Requirement =
Begin the copy at the line containing "Anok Women’s Genuine" in the data below and end it at the line containing "Chung cư RuBy, Tân", keeping each line exact and leaving out pictures.

Input for this task =
::::

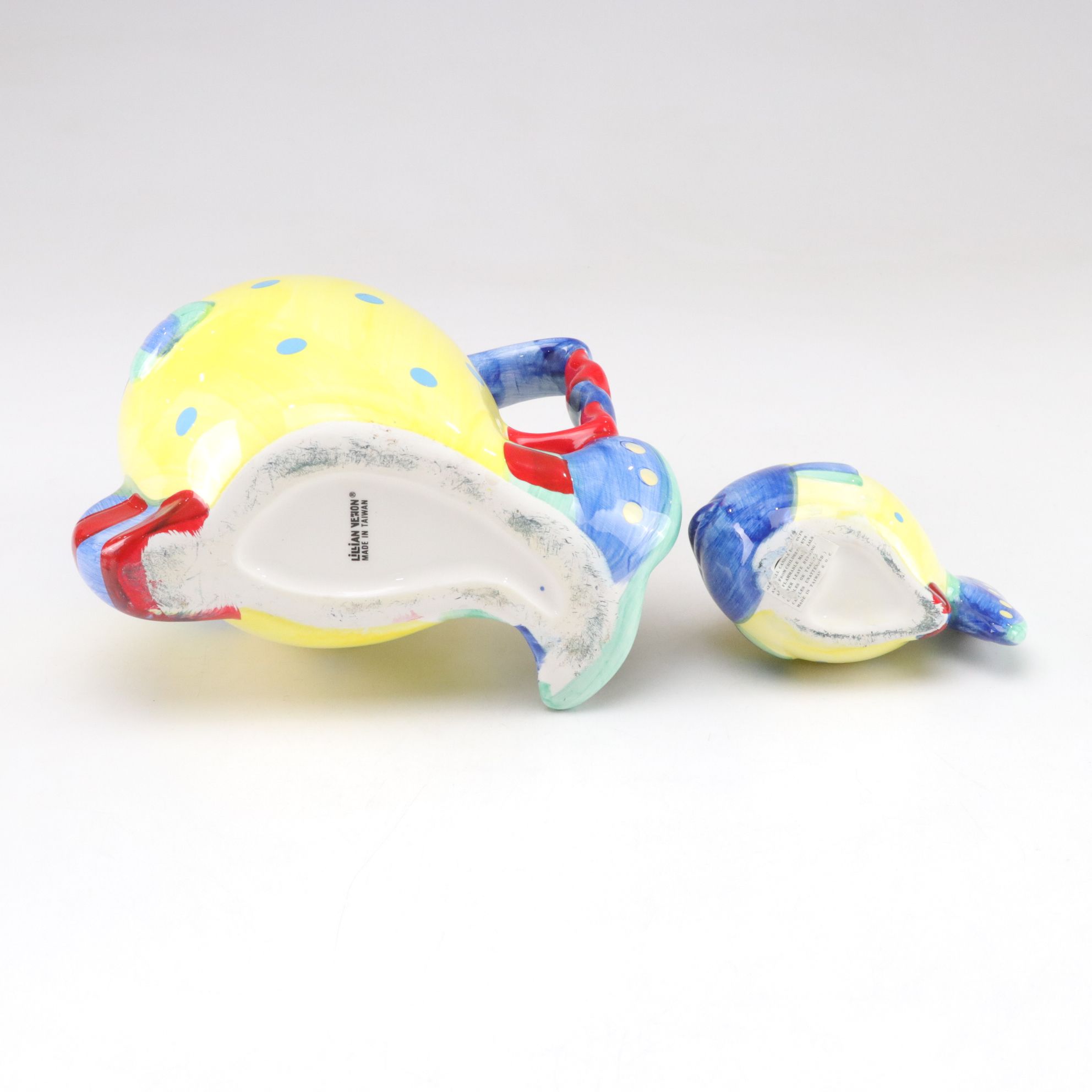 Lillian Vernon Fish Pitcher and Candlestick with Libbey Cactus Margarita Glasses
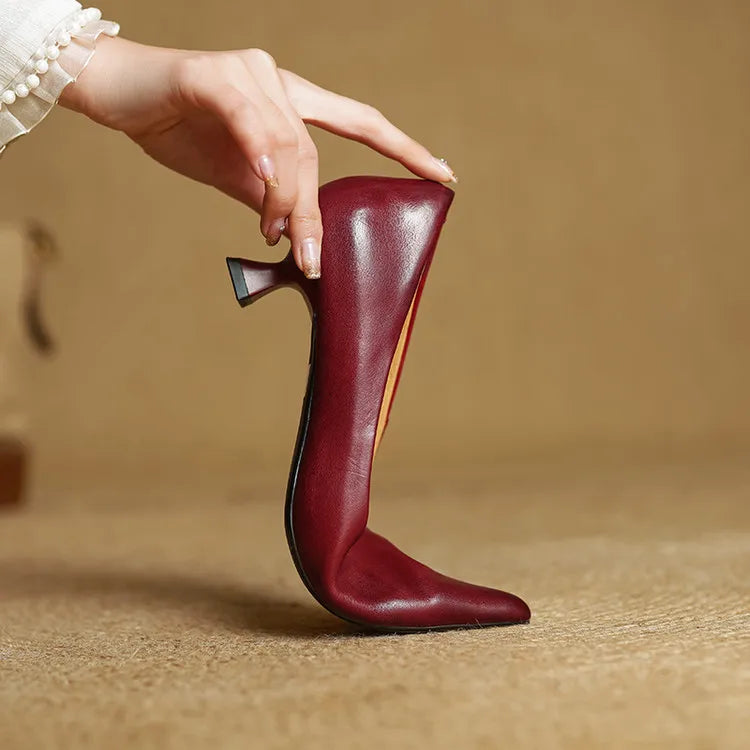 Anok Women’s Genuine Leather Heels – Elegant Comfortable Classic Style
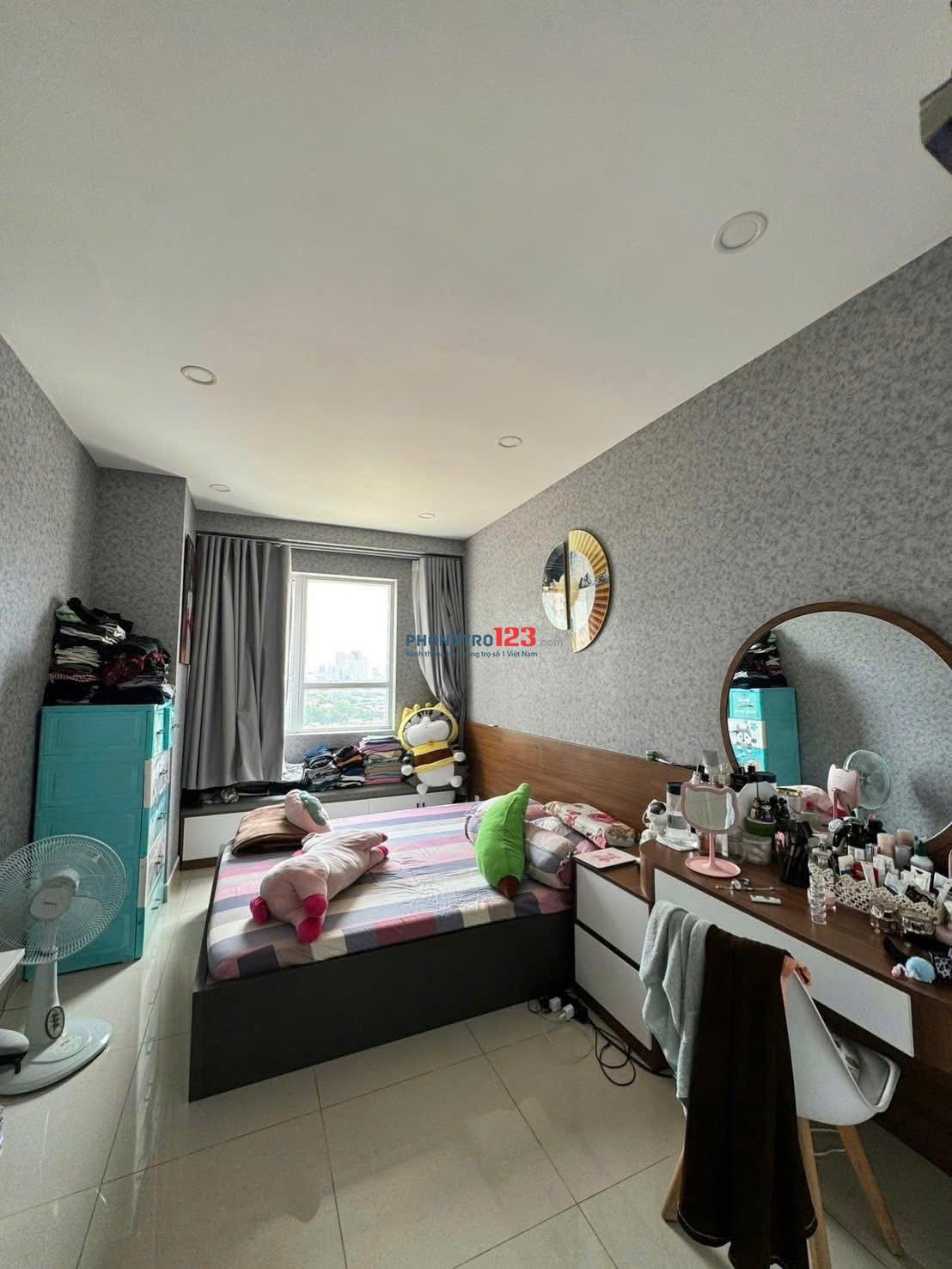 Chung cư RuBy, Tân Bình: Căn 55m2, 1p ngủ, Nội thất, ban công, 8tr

::::

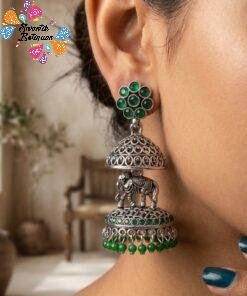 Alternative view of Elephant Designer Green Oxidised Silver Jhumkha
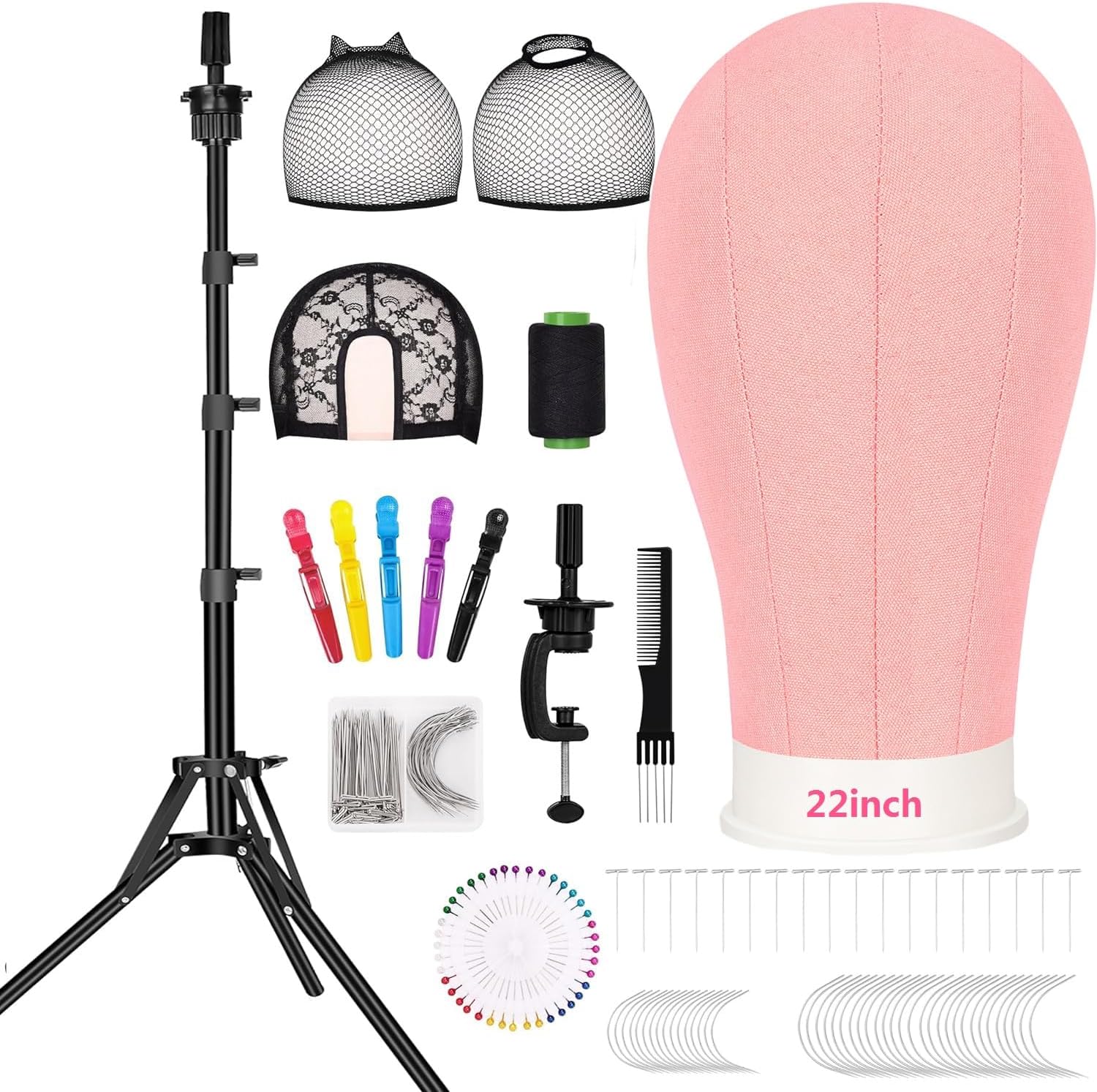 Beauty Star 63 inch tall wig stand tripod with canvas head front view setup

::::

Exercise result =
 Anok Women’s Genuine Leather Heels – Elegant Comfortable Classic Style
 Chung cư RuBy, Tân Bình: Căn 55m2, 1p ngủ, Nội thất, ban công, 8tr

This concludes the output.